▶ _Data for analysis_:
-- -- --

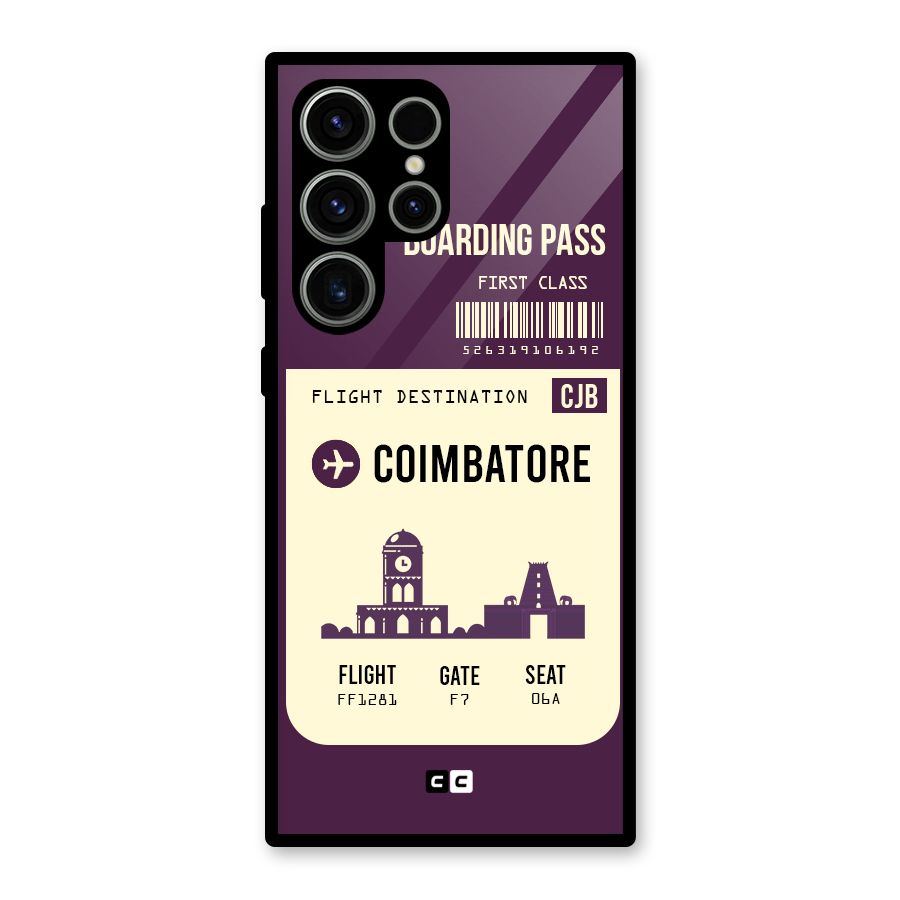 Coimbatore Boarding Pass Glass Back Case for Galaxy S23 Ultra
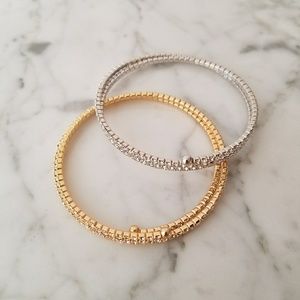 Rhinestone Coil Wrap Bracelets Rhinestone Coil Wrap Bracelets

-- -- --

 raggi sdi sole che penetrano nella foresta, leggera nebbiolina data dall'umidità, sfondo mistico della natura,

-- -- --

Return exactly the lines of the material above, starting at the line containing "Coimbatore Boarding Pass" and finishing at the line containing "Rhinestone Coil Wrap Bracelets Rhinestone", without any pictures.

▶ _Response_:
 Coimbatore Boarding Pass Glass Back Case for Galaxy S23 Ultra
 Rhinestone Coil Wrap Bracelets Rhinestone Coil Wrap Bracelets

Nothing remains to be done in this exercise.